[Web page caption snippets]
<<<<
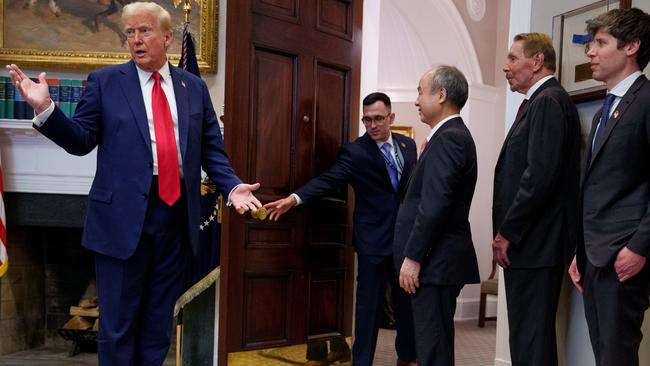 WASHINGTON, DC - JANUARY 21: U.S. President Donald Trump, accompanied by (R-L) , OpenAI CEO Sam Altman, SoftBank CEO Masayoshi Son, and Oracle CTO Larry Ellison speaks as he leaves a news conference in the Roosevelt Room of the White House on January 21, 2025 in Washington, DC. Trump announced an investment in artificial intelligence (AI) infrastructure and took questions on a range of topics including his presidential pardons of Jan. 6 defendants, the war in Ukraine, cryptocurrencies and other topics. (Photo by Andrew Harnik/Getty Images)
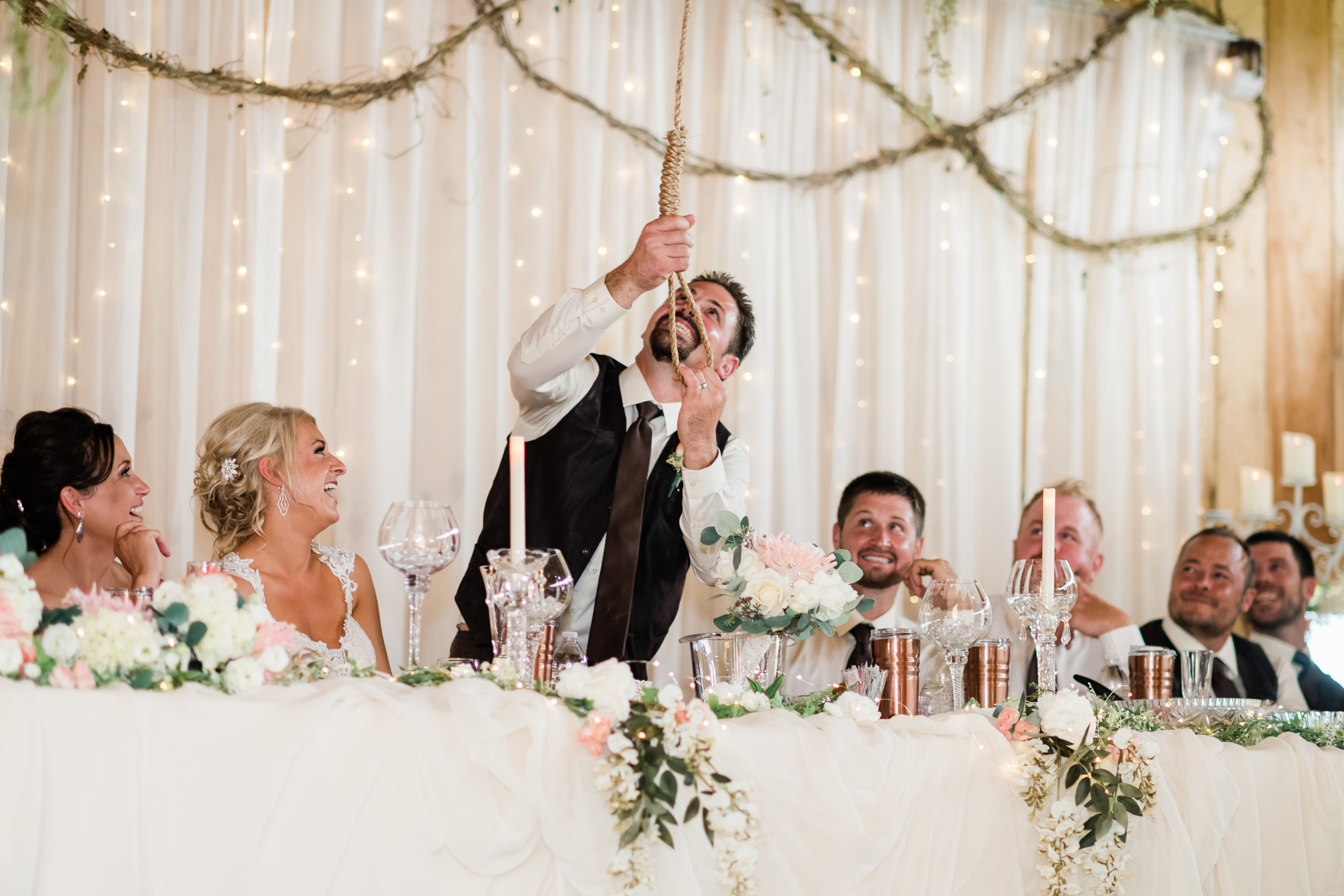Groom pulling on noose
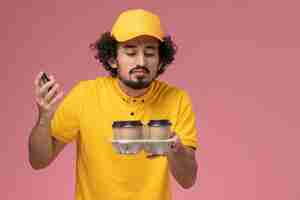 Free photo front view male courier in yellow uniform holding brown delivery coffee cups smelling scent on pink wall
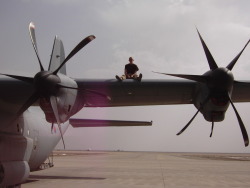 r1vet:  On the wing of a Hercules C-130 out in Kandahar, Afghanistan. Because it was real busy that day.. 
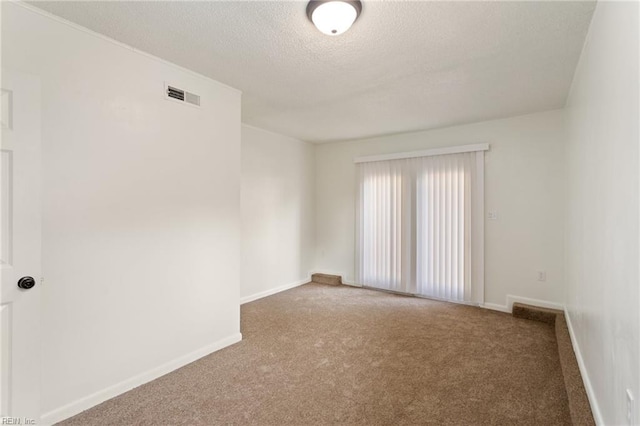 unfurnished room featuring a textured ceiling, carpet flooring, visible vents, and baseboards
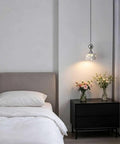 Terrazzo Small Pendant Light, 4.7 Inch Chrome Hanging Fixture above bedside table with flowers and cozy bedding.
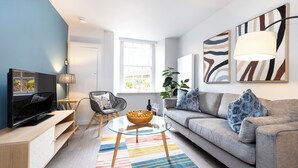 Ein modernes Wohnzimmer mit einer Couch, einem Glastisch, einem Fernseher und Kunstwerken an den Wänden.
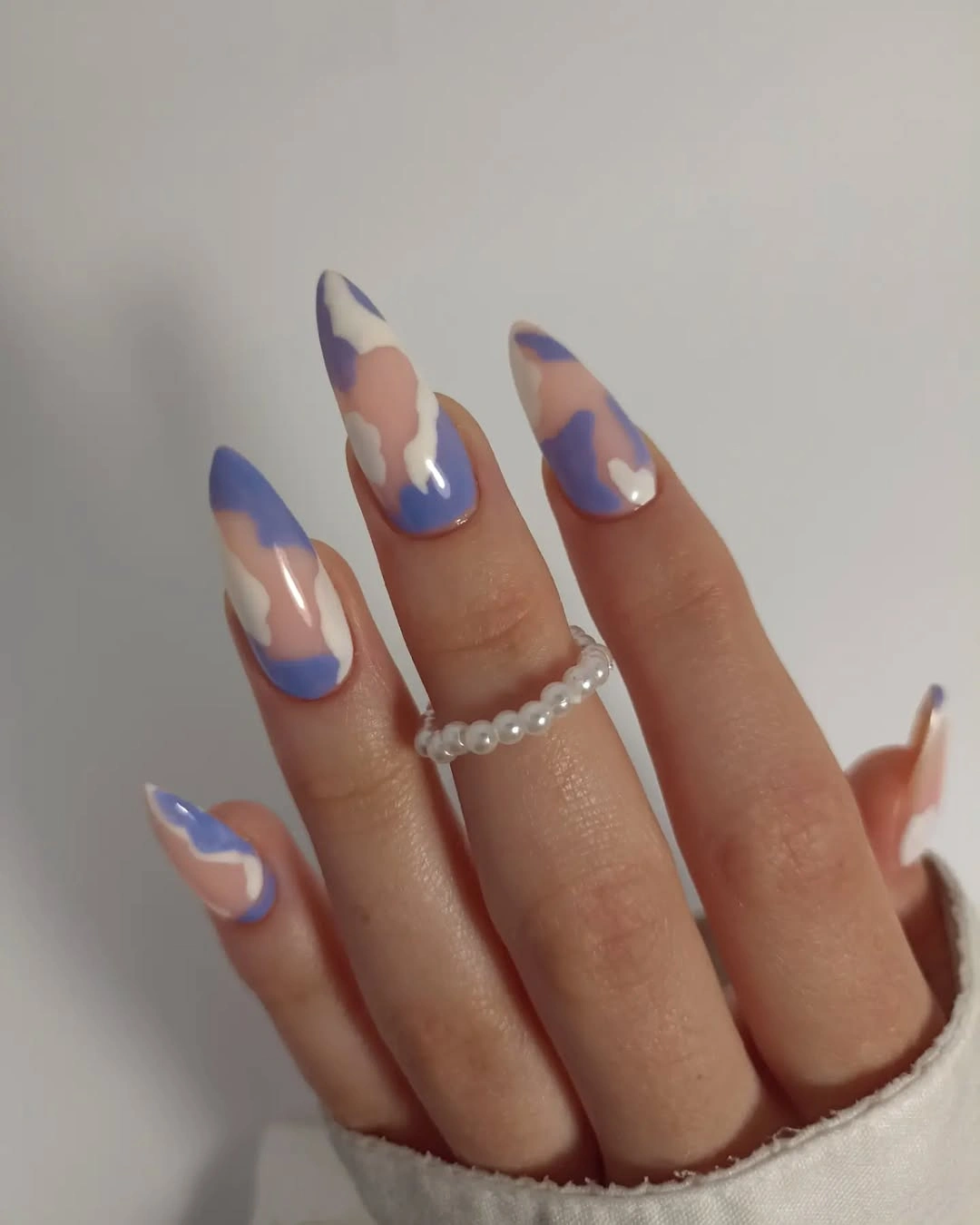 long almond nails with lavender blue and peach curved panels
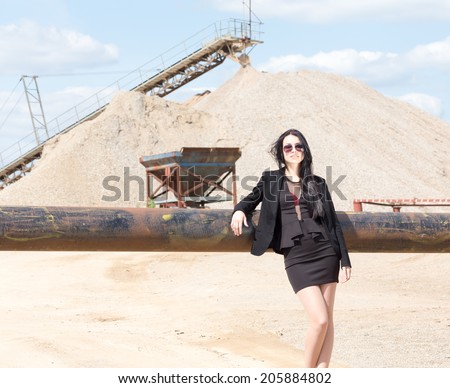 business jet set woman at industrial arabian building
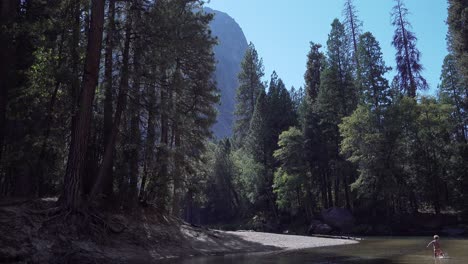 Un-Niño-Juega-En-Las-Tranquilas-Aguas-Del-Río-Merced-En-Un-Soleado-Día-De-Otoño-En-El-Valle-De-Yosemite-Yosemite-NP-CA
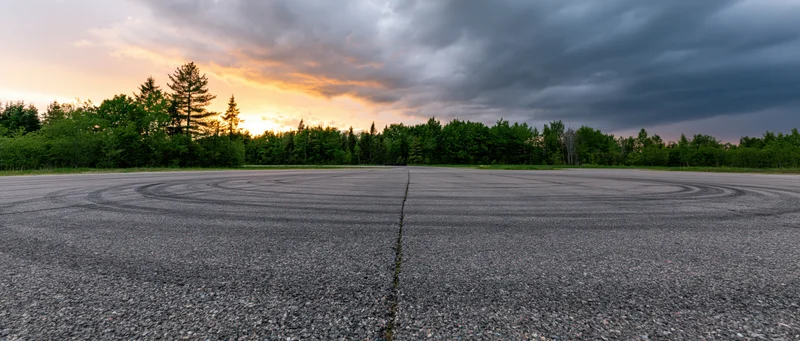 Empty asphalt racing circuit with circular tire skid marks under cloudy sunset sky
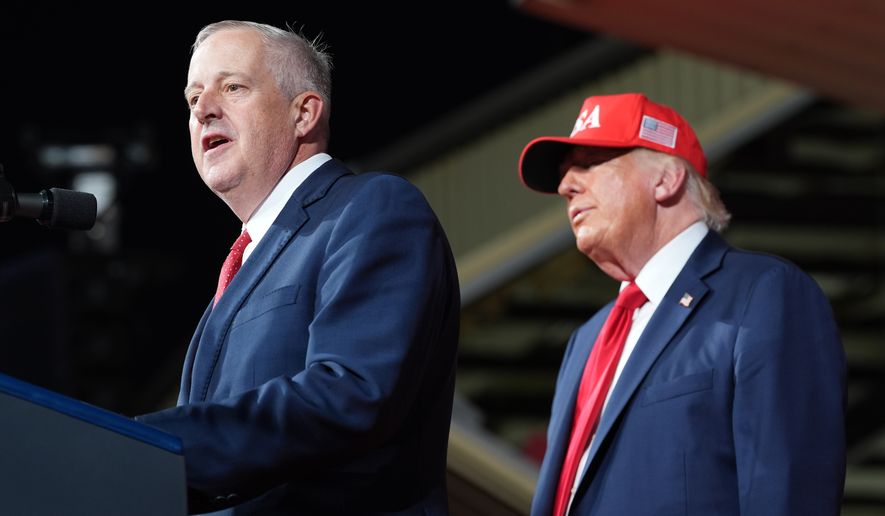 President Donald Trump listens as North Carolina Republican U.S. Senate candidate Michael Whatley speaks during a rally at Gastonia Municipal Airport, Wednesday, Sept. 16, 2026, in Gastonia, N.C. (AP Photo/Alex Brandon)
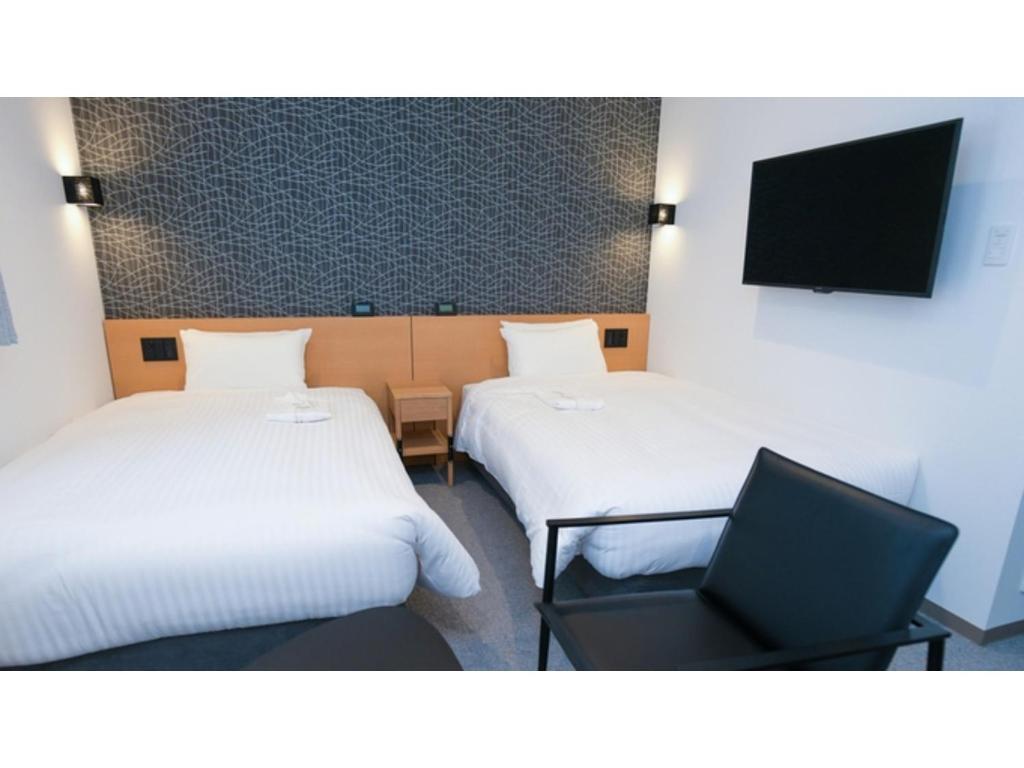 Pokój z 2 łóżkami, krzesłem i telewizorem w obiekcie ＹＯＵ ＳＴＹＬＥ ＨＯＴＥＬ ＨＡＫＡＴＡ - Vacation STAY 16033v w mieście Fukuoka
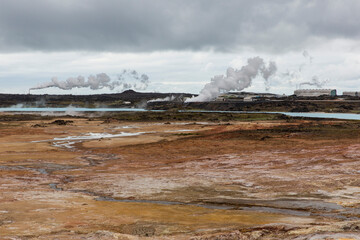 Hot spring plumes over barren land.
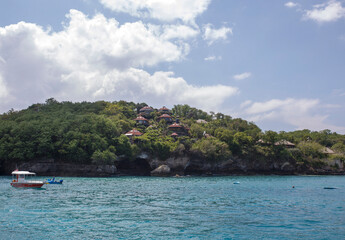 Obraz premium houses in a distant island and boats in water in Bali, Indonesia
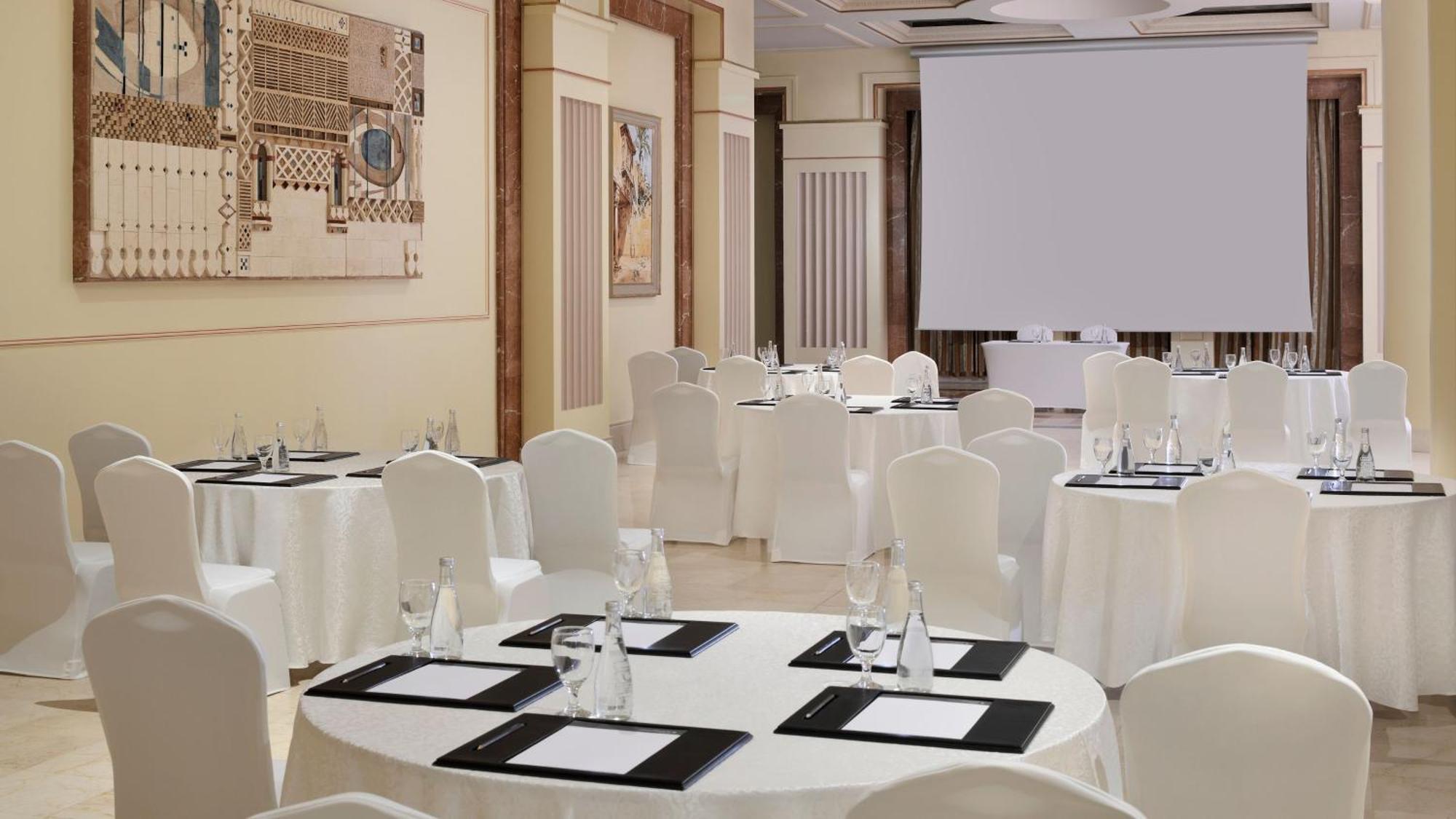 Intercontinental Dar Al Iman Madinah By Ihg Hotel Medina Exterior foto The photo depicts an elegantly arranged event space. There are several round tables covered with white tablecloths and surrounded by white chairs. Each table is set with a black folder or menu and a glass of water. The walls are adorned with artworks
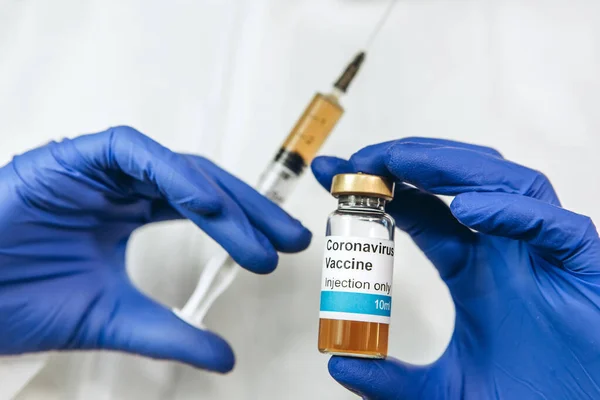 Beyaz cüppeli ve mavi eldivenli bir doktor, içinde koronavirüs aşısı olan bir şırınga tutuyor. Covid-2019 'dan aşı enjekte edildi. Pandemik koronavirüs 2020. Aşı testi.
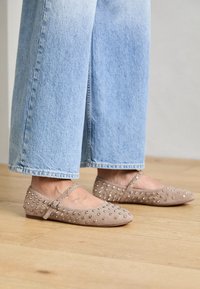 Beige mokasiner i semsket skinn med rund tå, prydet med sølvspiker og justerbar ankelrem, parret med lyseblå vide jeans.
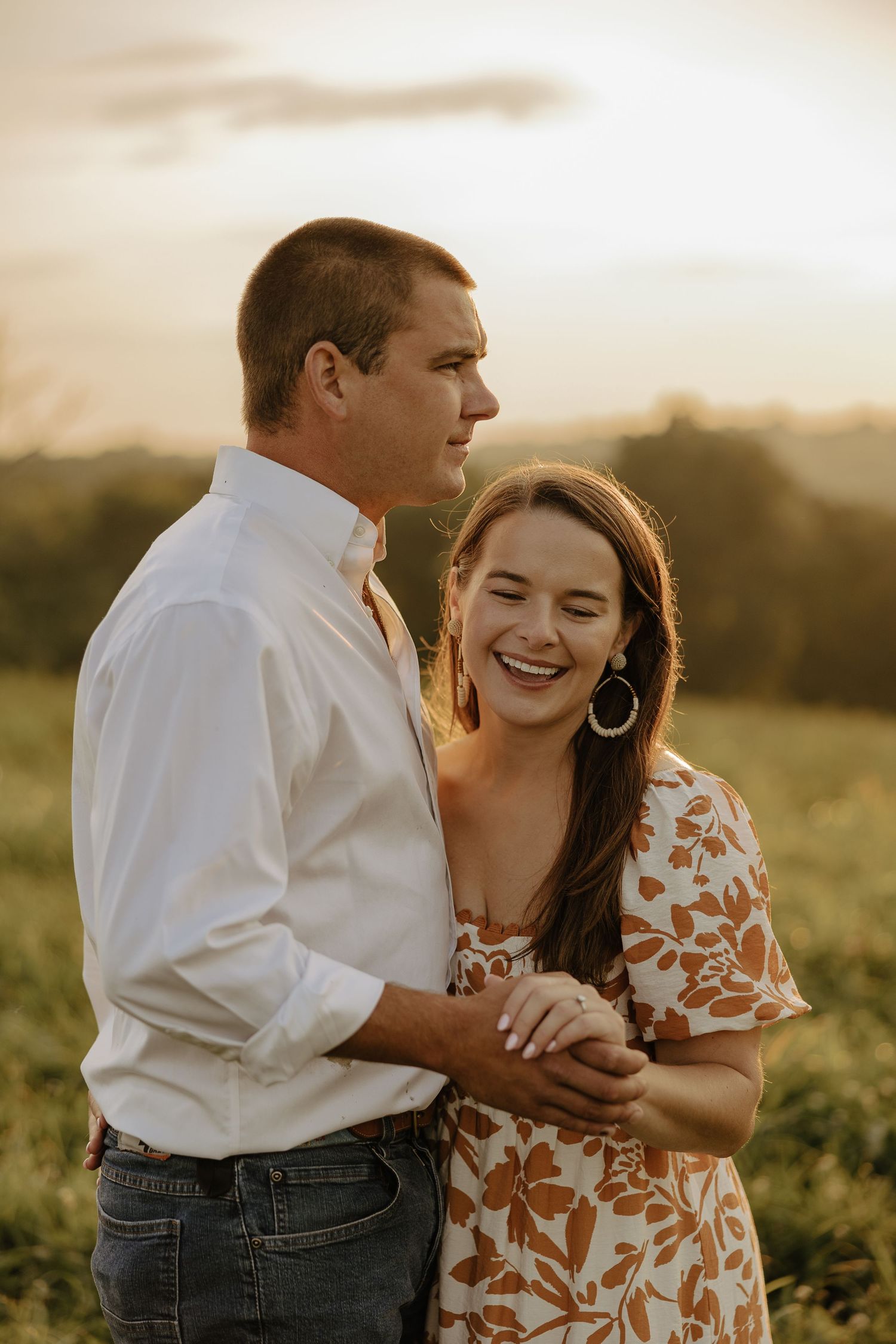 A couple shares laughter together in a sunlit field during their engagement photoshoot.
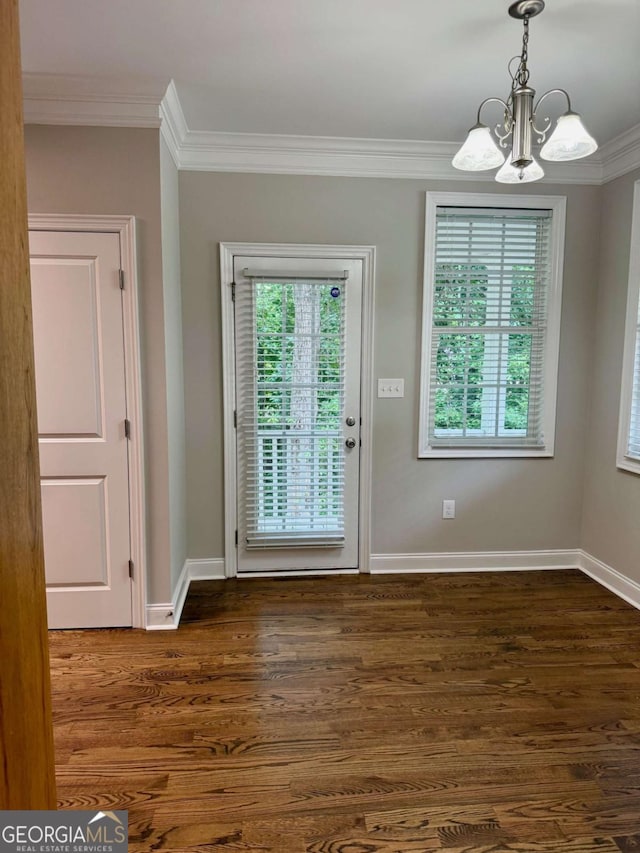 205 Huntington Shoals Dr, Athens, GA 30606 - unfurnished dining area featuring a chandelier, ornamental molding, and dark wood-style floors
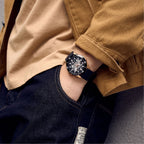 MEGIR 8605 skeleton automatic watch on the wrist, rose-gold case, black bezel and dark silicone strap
>>>>
§ **YOUR TASK**:
All pictures are to be skipped. Output, word for word, the lines in the data above starting at the line containing "business jet set" and ending at the line containing "Empty asphalt racing".

§ **EXERCISE RESPONSE**:
 business jet set woman at industrial arabian building
 Un-Niño-Juega-En-Las-Tranquilas-Aguas-Del-Río-Merced-En-Un-Soleado-Día-De-Otoño-En-El-Valle-De-Yosemite-Yosemite-NP-CA
 Empty asphalt racing circuit with circular tire skid marks under cloudy sunset sky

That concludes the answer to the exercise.